Concert

Programme Guide

Beethoven’s Second Piano Concerto is chronologically actually his First; he wrote it in his Bonn home before moving to Vienna. Compared to his four other contributions to the genre, it is rarely played today. One wonders why: the first movement offers both seriousness and pianistic brilliance, the Adagio captivates with song-like intimacy and the finale, marked by rhythmic wit, forms an impressive conclusion – especially when an artist as creative as Martha Argerich sits at the piano. Less than a year after her performance of Schumann’s Piano Concerto, the world-renowned pianist returns to the Berliner Philharmoniker.
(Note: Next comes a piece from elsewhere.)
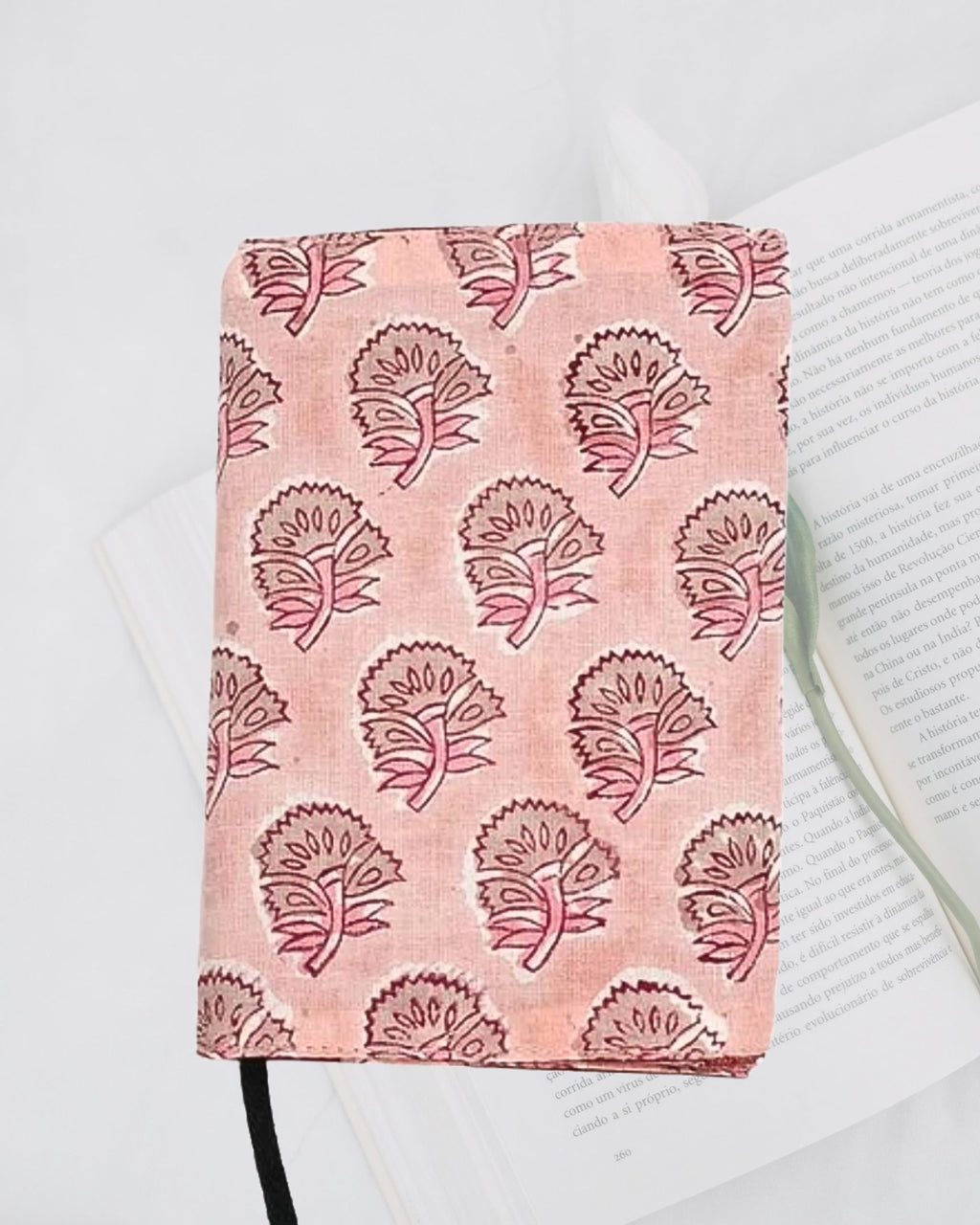 【印度職人手作】繁花盛開・手工紙棉書衣 (附筆記本)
This time, too, the Philharmoniker’s honorary conductor Daniel Barenboim will be at the helm, who Argerich has been friends with for decades, both personally and artistically.

What distinguishes Brahms’s Third from his other three symphonies is, at first glance, above all its ending: after dramatic climaxes, the basic key of F major asserts itself in the finale, but the composition slowly fades in pianissimo without a showy final element. The famous violinist and Brahms friend Joseph Joachim spoke of a “redemption in its dying away”. Another striking feature of the symphony is its delightful ambivalence of tonality, a constant shifting between major and minor, which can already be heard in the first three chords. In contrast to the emotionally charged outer movements, the Andante and the graceful, melancholy Poco Allegretto have the character of enchanting intermezzi.